When you’re looking to onboard a new hire, you need to be confident that they reflect your company’s values. Hiring a candidate with a history of unprofessional conduct, hateful speech, or online bullying could jeopardize your business’s reputation—or create an unsafe and toxic work environment for your other employees.

Social media screenings are an important step in the hiring process. By screening a job applicant’s publicly available social media profiles, a social media screening can verify that your candidate has no history of unsuitable online conduct.

However, it’s vital that your company conduct social media screenings in a legal and ethical manner. Your candidates have a right to their own privacy, and any background screenings you pursue will need to respect these rights.

The following is a quick guide to social media screenings—and how your business can legally and ethically use them to make informed hiring decisions.

What is a social media screening?

A social media screening is the process of reviewing a job applicant’s social media profiles as part of a larger pre-employment or corporate due diligence background check.

Typically, prospective employers are looking for instances of immoral or unprofessional online conduct, including hate speech, bullying, threats of violence, use of obscene language, and posts about illicit substance use.

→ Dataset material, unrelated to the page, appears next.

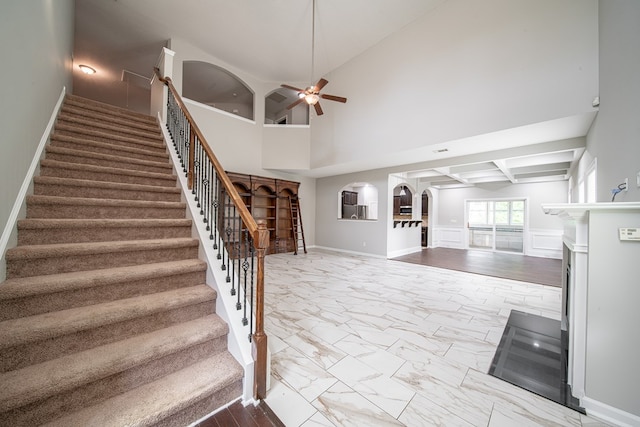 7312 Sorrel Ct, Columbus, GA 31909 - stairs featuring ceiling fan, marble finish floors, arched walkways, a towering ceiling, and baseboards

Employers may also use social media screenings more broadly to help determine whether job candidates are a good fit for the company and its values. Reviewing a candidate’s presence on social media platforms can provide a useful peek into their values, aspirations, and previous work—all things that a candidate may not have been completely transparent about in their application or interview.

Are social media screenings legal?

When done correctly, social media screenings are perfectly legal.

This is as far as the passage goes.